Why is cash so still so strong, surely retailers love cards and would be keen to drive customers to use them?

Last year I wrote about a town called Middelburg in Holland, a main tourist location where simply you could not change foreign currency, in fact the nearest place was a one and a half hour drive away, writes David Parker.  Great you say everything on cards, except that a lot of places did not take Visa or MasterCard – horrible credit brands only VPay or Maestro.

We are though always being told that cash is dead or dying, after all it is 2,500+ years since the first use of coins as payment tokens but if one looks at the numbers:

  • Banknotes across the Euro zone is increasing by 9% per annum
  • 40% more dollar bills available than at the beginning of the millennium
  • 70% of all consumer transactions globally are cash by volume, but less than 15% by  value 

So why is cash so still so strong, surely retailers love cards and would be keen to drive customers to use them. The argument though, despite what the card schemes may claim is not that clear. 
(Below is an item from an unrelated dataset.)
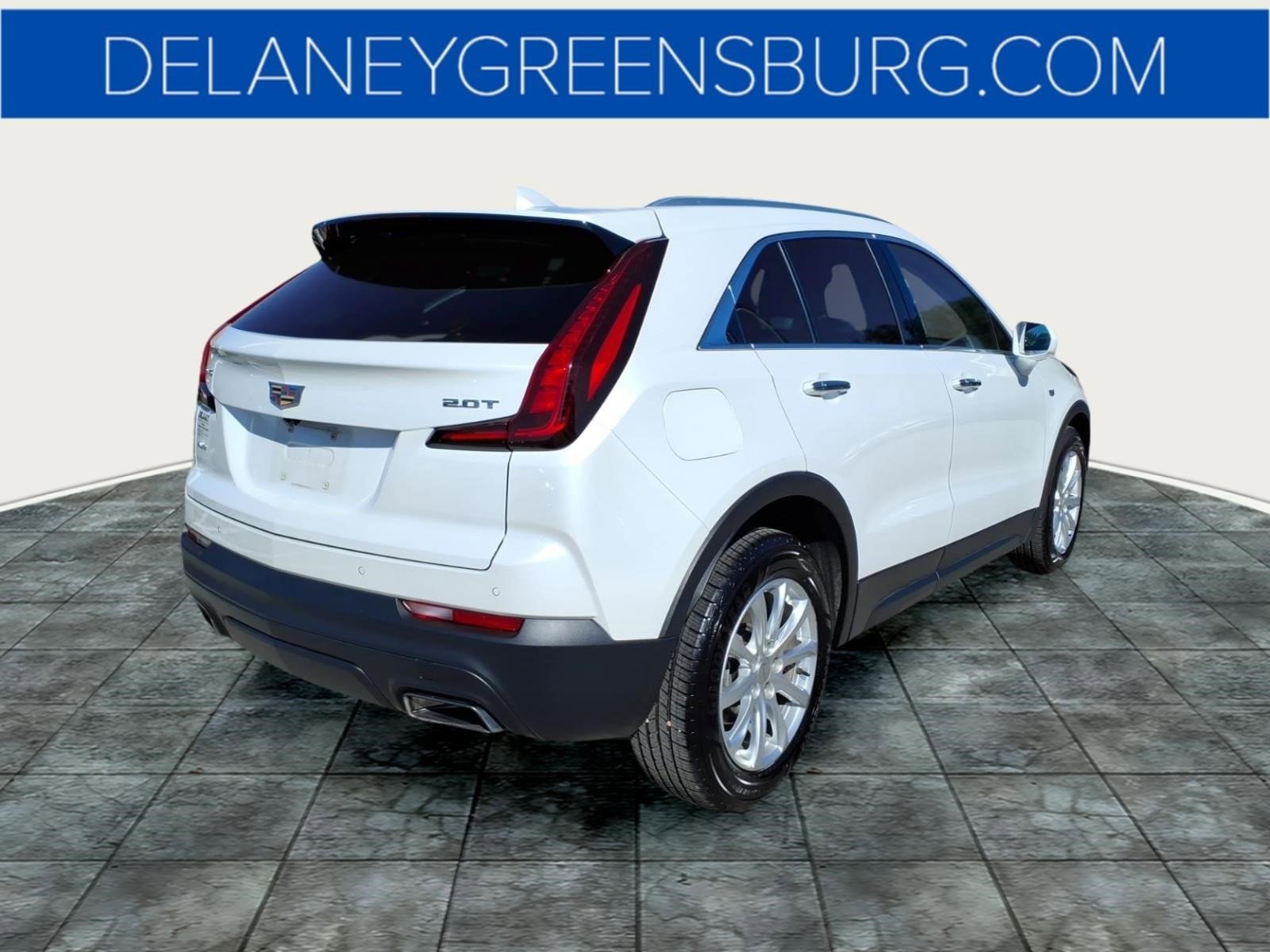 Used 2019 Cadillac XT4 Luxury w/ Cold Weather Package AWD/4WD image 3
  • IKEA state that cash costs €0.03 per transaction (with the exception of France, which is higher because of cash handling charges) in direct costs, but they don’t count costs such as having to build safes in each store.
  • The British Retail Consortium state that the cost of a typical cash transaction in 2012 was 1.5p per transaction – although no clear if indirect costs are considered
  • Cash accounts for 54.4 per cent of transactions – yet only accounts for 10.3 per cent of costs;
  • Debit cards account for 30.0 per cent of transactions – and account for 35.1 per cent of costs;
  • Credit and Charge cards account for only 10.6 per cent of transactions – but account for a staggering 50.1
  • per cent of costs;
  • Non-cash non-card payments now account for 5.0 per cent of transactions and for 4.5 per cent of costs.
  • The average cost to handle a transaction based as a percentage of total sales turnover for that payment type is:
    • Cash – 0.16%
    • Debit Cards – 0.32%
    • Credit and Charge Cards – 1.04%

 Parker 31Jul Image1

Other sources though place it higher, when direct and indirect costs are considered:

  • The Swedish Central Bank has estimated the cost per transaction €0.25
  • McKinsey place cost of cash at 1.3% cost per transaction

It is argued though by many that accepting cards offers the retailer the ability to obtain higher transaction values, and this seems to be borne out by the BRC research that shows the average card transaction in the UK is double that for cash.

Parker 31Jul Image2

And this is recognised by retailers it is claimed as the charge below shows retailers see the benefit of accepting other payment in that it can increase sales:

Parker 31Jul Image3

This is all great in theory, but as I travel at the moment through France I note on toll booths it says no VPay or Maestro, as I go to tourist locations the signs like those below are all too common – no cards, cheque or cash only.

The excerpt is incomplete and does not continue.